A. German Jewish immigrants Joseph Schwarzchild and Ferdinand Sulzberger were partners in the Schwarzchild & Sulzberger company, whose main business was meatpacking. They expanded by finding other uses for the by-products of their work, including tennis racket strings, surgical sutures, footballs and other products. The company eventually became the Thomas E. Wilson Company, now known as Wilson Sporting Goods, the supplier of footballs for the NFL (including the deflated footballs).
B. The Wilson Sporting Goods Company is the official supplier of footballs for the National Football League. In 2003, the NFL complained to Wilson officials that they were not satisfied with the laces on the football, which had a tendency to open slightly on very hot days. In its effort to find a better product with which to make the laces, Wilson turned to Israeli company Para-Tec, which makes parachutes for the Israeli Defense Forces. Para-Tec provided a product based on the strings they used on military parachutes, and this product has been used on NFL footballs ever since (including the deflated footballs).

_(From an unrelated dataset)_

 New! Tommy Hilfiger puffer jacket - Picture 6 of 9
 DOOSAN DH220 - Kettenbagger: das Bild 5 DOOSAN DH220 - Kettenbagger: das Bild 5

C. While footballs are referred to as pigskin, they are in fact made from leather. Originally, however, they were made of pigskin. In 1950, Brandeis University played its first football game, but the Board of Trustees was not happy with the use of the footballs made from pigs, given that the university operated under Jewish auspices. They contracted with the Spalding Company to design a football made of cow's leather rather than pigskin. The ball became so popular that over time other teams began using it, and now, all footballs are made of leather rather than pigskin (including the deflated footballs).
D. Wilson Sporting Goods, the official supplier of footballs for the NFL, was founded in 1915 by Thomas Wilson. This was a time of strong anti-immigrant feeling in America, and Wilson (like many employers at that time) refused to hire Jews to work in his company. In 1918, a lawsuit was filed by the recently established Anti-Defamation League on behalf of Harry Schild, a Jewish immigrant who was refused employment because of his religion. The case, Schild vs. Wilson, eventually reached the Supreme Court, which ruled in favor of Schild. The company hired Schild, but ironically he quit almost immediately after being assigned to work with the pig skins, a product he refused to touch because of his religious beliefs.
E. Football was invented in the shtetl of Pinsk in Belarus when a kosher butcher sewed together sections of cow hide, which he gave to the neighborhood children to play with. They began throwing it and kicking it around, eventually developing teams and rules. The ball was called the Pinsk-Skin, but over time, as the popularity of the game spread beyond the shtetl, the name morphed into Pigskin, which the non-Jews who played the game found easier to pronounce.